Au passage, ils contestent l’idée selon laquelle les 35 heures auraient eu un effet négatif sur la compétitivité de notre économie, comme cela avait été dit par la droite au pouvoir appuyée par des armées de pseudos économistes. et aujourd'hui certains "socialistes" accrochés au pouvoir comme des moules à leurs rocher.
Toujours selon ces inspecteurs,« la France est l’un des pays qui a le mieux maîtrisé l’évolution de ses coûts [salariaux] ».
Alors? Pourquoi cette timidité a rendre ce rapport au Gouvernement?
Sans doute parce que ce dernier aurait eu l'heur de ne pas plaire à l'actuel premier ministre...
En effet, apprendre que cette recette là contre le chômage a fait beaucoup mieux que le CIEC ou le pacte de responsabilité payés à grands coups de milliards d'argent public aurait fait désordre à quelques mois des élections présidentielles.
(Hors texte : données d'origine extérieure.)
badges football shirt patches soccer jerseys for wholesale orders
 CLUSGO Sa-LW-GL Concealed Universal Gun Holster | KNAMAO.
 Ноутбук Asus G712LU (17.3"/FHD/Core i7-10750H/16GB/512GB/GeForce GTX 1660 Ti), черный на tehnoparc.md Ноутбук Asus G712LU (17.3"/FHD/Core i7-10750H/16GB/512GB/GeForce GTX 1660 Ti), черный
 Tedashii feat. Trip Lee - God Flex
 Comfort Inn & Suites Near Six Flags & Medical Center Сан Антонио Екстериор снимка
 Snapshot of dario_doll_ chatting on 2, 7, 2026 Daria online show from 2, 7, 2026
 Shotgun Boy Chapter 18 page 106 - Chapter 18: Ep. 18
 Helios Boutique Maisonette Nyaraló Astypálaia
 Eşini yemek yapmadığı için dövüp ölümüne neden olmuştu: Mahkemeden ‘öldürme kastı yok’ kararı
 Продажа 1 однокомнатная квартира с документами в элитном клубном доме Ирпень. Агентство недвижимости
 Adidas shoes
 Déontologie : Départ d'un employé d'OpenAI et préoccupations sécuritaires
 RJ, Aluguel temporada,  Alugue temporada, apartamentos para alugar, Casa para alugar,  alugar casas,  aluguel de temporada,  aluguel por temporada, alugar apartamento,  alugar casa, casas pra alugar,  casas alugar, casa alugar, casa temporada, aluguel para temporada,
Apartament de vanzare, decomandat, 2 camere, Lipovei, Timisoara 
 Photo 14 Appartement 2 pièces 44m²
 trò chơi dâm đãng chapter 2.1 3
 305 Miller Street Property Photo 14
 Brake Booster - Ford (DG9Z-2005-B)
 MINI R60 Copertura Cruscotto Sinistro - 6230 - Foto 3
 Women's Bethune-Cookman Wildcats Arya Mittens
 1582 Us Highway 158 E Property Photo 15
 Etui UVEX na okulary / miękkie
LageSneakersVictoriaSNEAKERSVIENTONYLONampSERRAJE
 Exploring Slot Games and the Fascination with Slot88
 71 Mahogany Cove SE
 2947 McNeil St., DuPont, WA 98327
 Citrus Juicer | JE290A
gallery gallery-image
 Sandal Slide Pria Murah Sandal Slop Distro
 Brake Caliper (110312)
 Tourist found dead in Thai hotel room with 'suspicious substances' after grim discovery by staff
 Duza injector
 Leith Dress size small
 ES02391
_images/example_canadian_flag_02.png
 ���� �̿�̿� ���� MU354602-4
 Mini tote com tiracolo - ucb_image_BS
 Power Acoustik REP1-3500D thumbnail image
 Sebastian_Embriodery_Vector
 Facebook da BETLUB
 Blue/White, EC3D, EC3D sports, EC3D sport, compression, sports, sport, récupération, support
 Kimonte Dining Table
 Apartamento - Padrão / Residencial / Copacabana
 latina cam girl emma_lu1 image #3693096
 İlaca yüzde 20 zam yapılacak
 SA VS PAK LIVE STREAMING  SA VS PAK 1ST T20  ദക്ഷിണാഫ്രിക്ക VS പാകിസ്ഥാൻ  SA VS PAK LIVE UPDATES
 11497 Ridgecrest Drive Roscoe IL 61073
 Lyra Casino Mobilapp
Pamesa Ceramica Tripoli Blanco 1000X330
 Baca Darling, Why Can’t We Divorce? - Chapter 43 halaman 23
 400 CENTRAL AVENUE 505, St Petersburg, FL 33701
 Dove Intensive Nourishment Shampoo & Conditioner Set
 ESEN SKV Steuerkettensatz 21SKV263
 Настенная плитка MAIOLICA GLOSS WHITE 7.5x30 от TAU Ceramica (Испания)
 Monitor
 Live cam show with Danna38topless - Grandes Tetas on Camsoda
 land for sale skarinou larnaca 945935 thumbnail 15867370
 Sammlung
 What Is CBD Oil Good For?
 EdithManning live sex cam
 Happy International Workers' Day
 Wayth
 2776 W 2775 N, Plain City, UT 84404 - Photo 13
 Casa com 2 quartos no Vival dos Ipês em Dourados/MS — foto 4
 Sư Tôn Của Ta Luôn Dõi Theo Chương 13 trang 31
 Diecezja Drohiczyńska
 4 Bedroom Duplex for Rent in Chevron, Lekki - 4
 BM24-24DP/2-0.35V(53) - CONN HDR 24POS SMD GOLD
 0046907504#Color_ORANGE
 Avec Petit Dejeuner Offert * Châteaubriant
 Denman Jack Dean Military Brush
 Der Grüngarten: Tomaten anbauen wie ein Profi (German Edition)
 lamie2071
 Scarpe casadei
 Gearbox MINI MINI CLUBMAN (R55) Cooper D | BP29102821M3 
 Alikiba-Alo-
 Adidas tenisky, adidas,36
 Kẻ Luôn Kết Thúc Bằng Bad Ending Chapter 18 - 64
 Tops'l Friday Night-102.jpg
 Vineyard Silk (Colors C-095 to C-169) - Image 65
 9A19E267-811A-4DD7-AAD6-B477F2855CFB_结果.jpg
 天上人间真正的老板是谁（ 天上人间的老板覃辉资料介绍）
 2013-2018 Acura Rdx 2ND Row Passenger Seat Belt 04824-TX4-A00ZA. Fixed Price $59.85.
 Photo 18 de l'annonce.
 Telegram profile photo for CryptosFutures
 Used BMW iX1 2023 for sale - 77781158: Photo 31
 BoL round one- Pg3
Plus gênant encore que cela pour Hollande et VALLS, la revendication de la CGT qui souhaite que la France s'engage sur la voie des 32 heures de travail hebdomadaire, sans perte de salaire (pour travailler moins pour travailler TOUS) aurait du coup été portée sur le devant de la scène, tant elle aurait apparue crédible.
Mais pour ce Gouvernement comme pour ceux qui le servent, l'important ce n'est pas la réalité, l'important ce n'est pas de gagner la lutte contre le chômage...l'important est de s'habiller du costume de celui qui ne se trompe jamais et de continuer ainsi à faire le bonheur des actionnaires et du grand capital.